En déplacement à Saint-Laurent du Maroni du 17 au 19 mai, Gérald Darmanin a suscité la controverse en tenant des propos particulièrement agressifs à l’égard d’un journaliste de Guyane la 1ère. Une attitude jugée “indigne” et “inacceptable” par les syndicats de journalistes, qui demandent des excuses publiques.
Le contexte était déjà tendu : avant même son arrivée, Gérald Darmanin avait annoncé dans Le Journal du Dimanche l’implantation en Guyane de "la troisième prison de haute sécurité de France", destinée à accueillir "les profils les plus dangereux du narcotrafic" et des "islamistes radicalisés". Une décision prise sans consultation des élus locaux, dans un territoire encore profondément marqué par le passé carcéral de la colonisation, notamment à Saint-Laurent du Maroni, ancienne capitale du bagne.

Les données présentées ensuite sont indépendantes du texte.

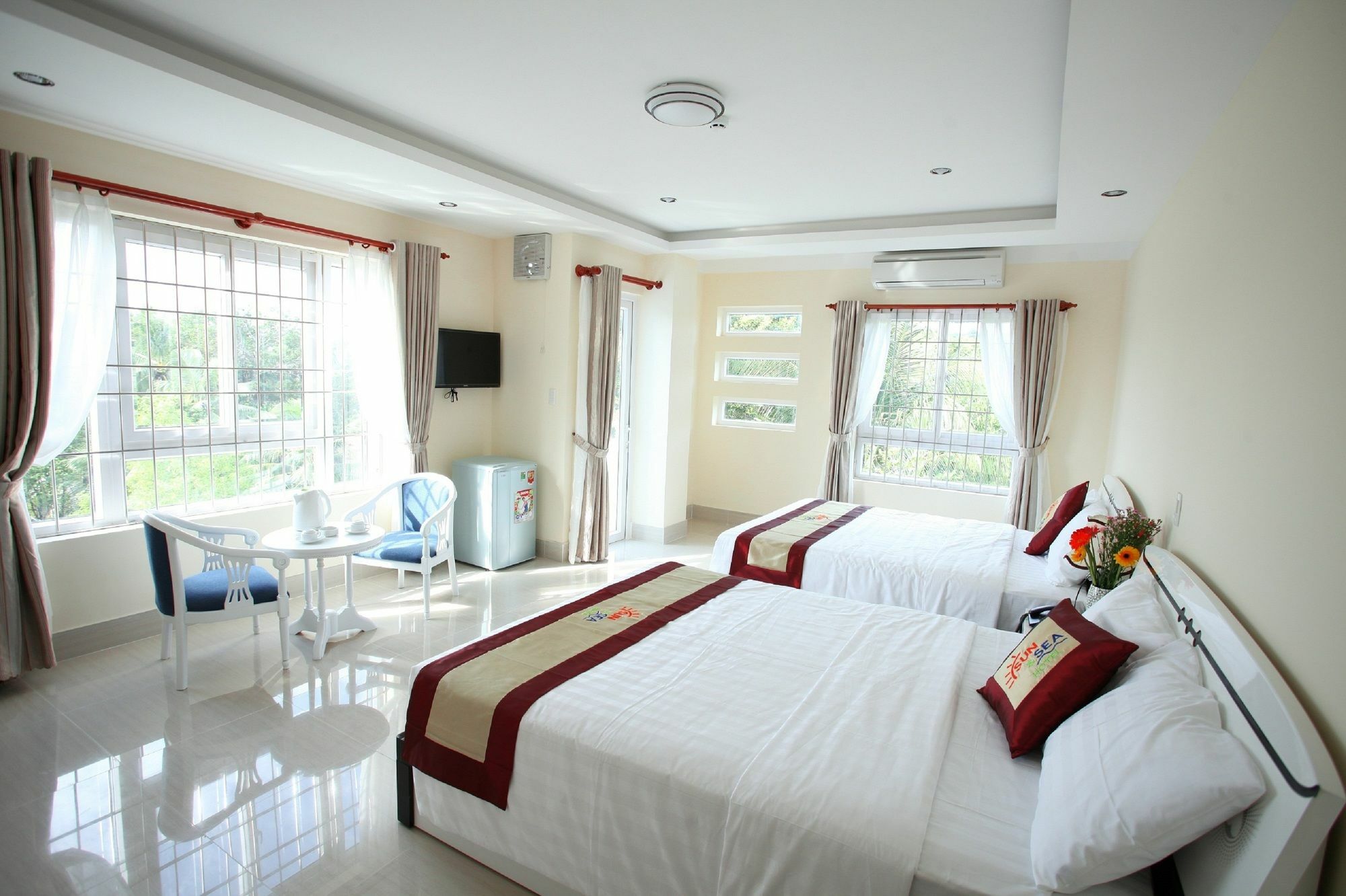 Khách Sạn sun&sea Khách sạn Phú Quốc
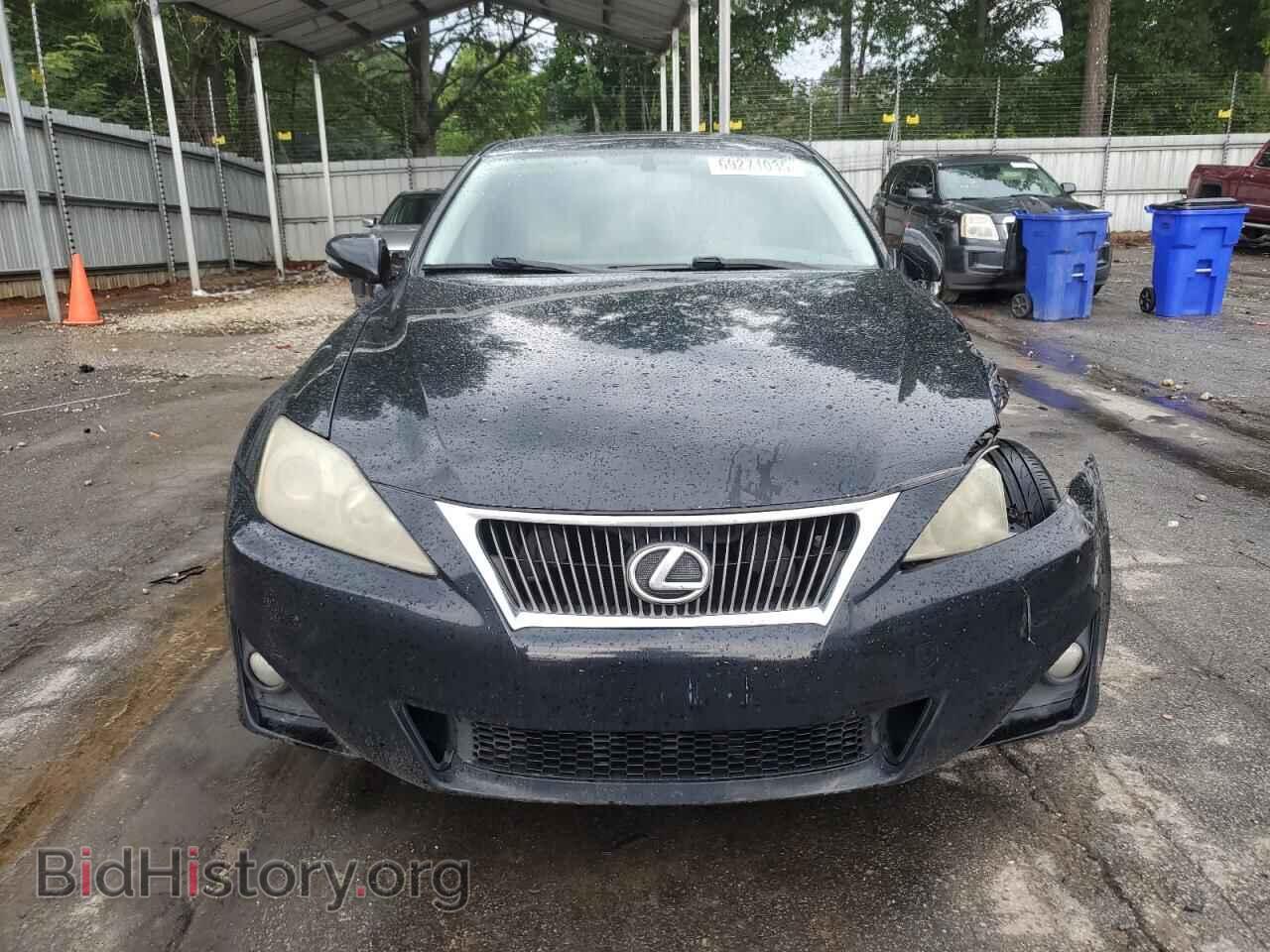 2011 LEXUS IS - VIN: JTHCF5C25B5051682 - Photo 5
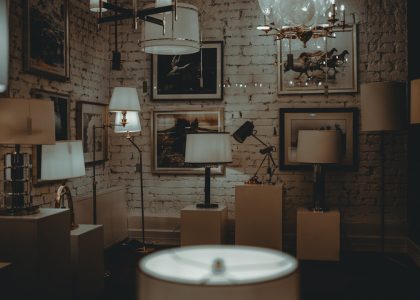 Photo bathroom vanity lights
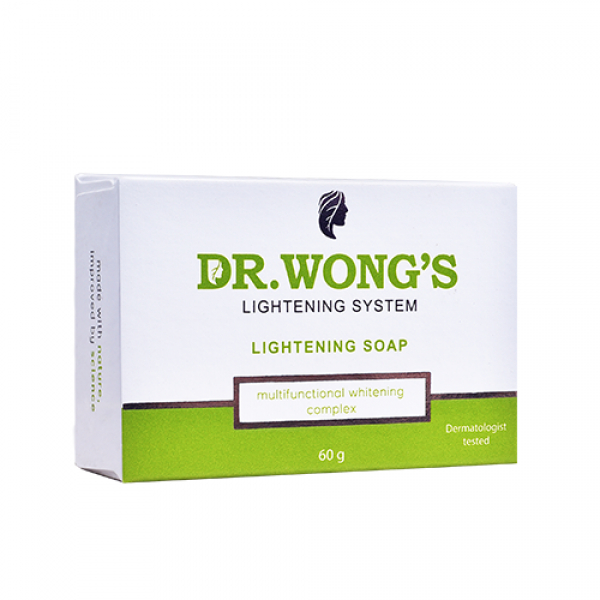Dr. Wong's Lightening Soap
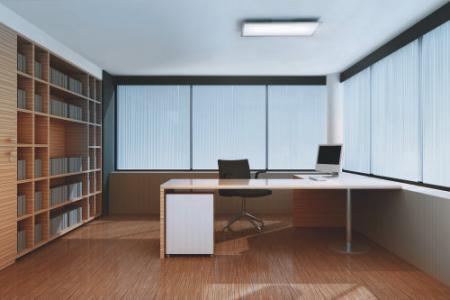 Osram SMART+ Matter Planon Plus Tunable White Aufbau Panel weiss 60x30cm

C’est précisément cette mémoire douloureuse que le journaliste de Guyane la 1ère a voulu évoquer, en interrogeant le ministre sur les craintes d’un retour symbolique à l’époque pénitentiaire. "Les citoyens ultramarins, surtout en Guyane, y voient un peu comme un retour du bagne", a-t-il fait valoir. Une remarque que le ministre a balayée d’un revers de main, en la qualifiant d’"insulte à la République".
"Complètement idiot"
Mais la tension est montée d’un cran lorsque le journaliste a insisté : "Je vous dis ce que pense aujourd’hui la population". Réponse cinglante du ministre : "Vous êtes journaliste, d’abord en plus d’être complètement idiot… C’est une insulte, c’est complètement idiot, bien sûr, et c’est une insulte car ce sont des magistrats indépendants qui prennent les décisions de détention […]".
Une attaque personnelle inacceptable selon les syndicats SNJ et UNSA-SRCTA Guyane qui ont réagi dans un communiqué commun : "Qualifier ‘d’insulte à la République’ la question légitime d’un journaliste est indigne d’un ministre ! Et l’usage du mot ‘idiot’, qui semble d’abord s’adresser au collègue, est également indigne !"
Le communiqué rappelle que "non, monsieur le Ministre, il n’est pas ‘idiot’ de rappeler que la Guyane a été une terre de bagne, que cela a laissé de profondes blessures, et qu’on ne fait pas n’importe quoi avec cette mémoire, surtout à Saint-Laurent du Maroni !"
Les syndicats exigent des excuses publiques de Gérald Darmanin à l’égard du journaliste visé et de l’ensemble de la rédaction de Guyane la 1ère, dénonçant une "atteinte à la liberté de la presse, principe fondamental de notre démocratie".
"Les journalistes de Guyane la 1ère sont là pour poser les questions de fond, n’en déplaise à un ministre ‘hors sol’, de passage sur le territoire", conclut le texte. Pour beaucoup, cette altercation est le symptôme d’un mépris persistant envers les réalités et les sensibilités ultramarines.